— PROBLEM DESCRIPTION —
Every entry below has to appear again in your reply, word for word, but no picture may.
----- DATA EXCERPTS
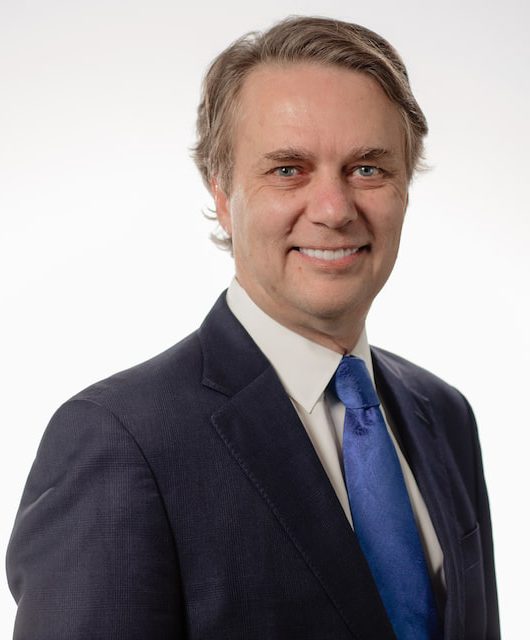 Dr. Jeff Colyer
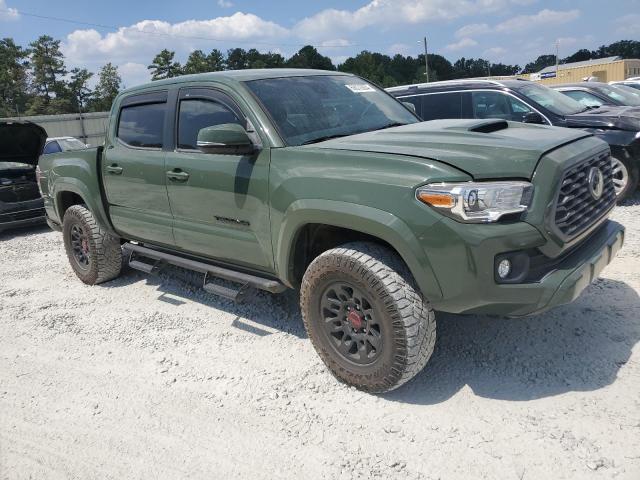 Photo 3 VIN: 3TYCZ5AN9MT037310 - TOYOTA TACOMA DOU 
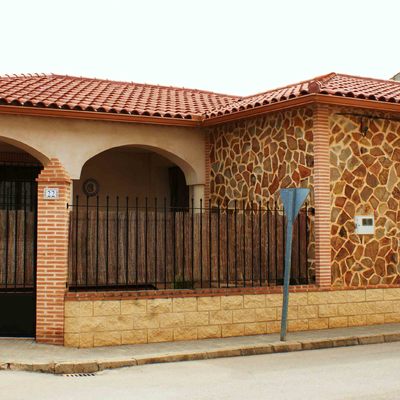 Canalón Cobre Cuenca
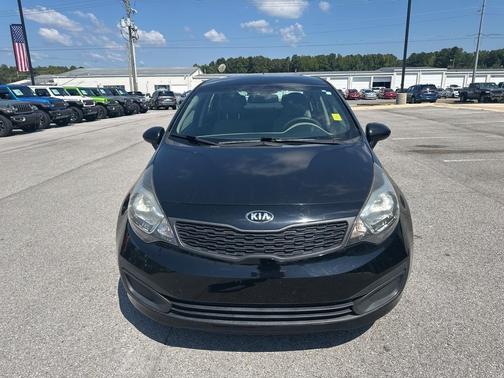 2015 Kia Rio LX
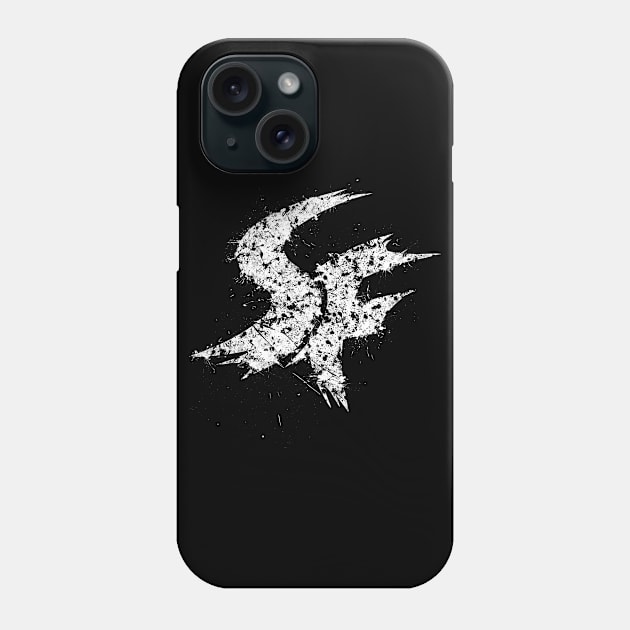 Street Fighter Phone Case by JonathonSummers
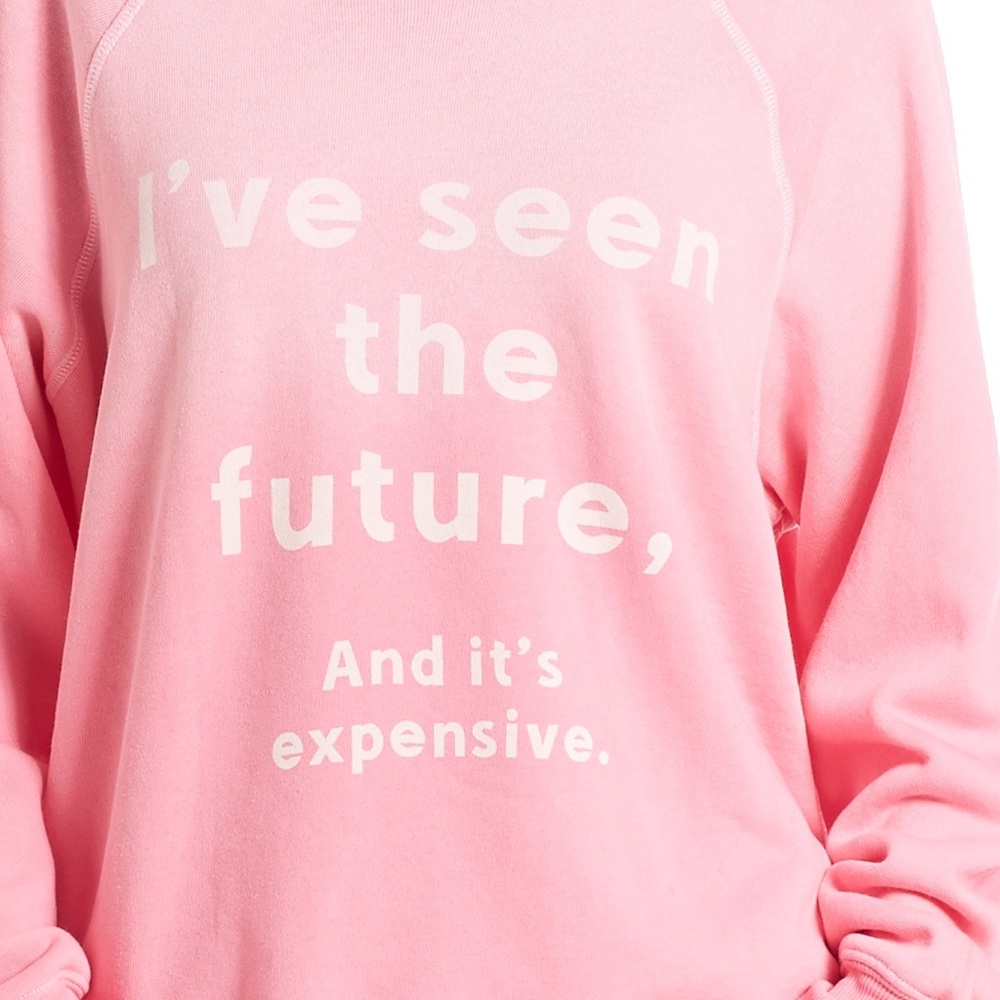 Meet your Posher, Violet!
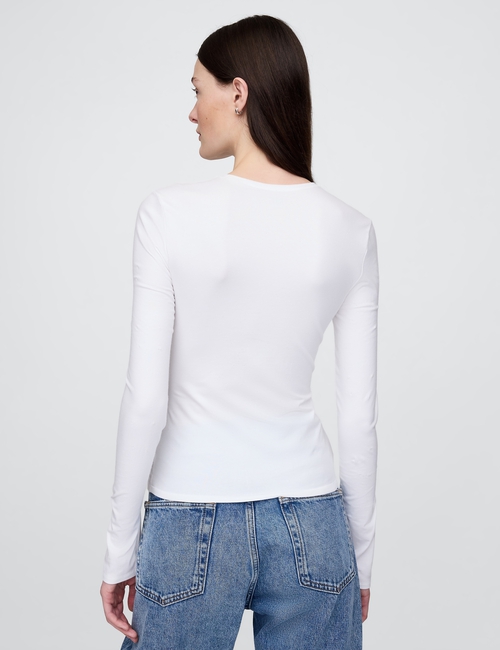 CloseKnit Jersey T-Shirt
----------
— ANSWER BOX —
 Dr. Jeff Colyer
 Photo 3 VIN: 3TYCZ5AN9MT037310 - TOYOTA TACOMA DOU 
 Canalón Cobre Cuenca
 2015 Kia Rio LX
 Street Fighter Phone Case by JonathonSummers
 Meet your Posher, Violet!
 CloseKnit Jersey T-Shirt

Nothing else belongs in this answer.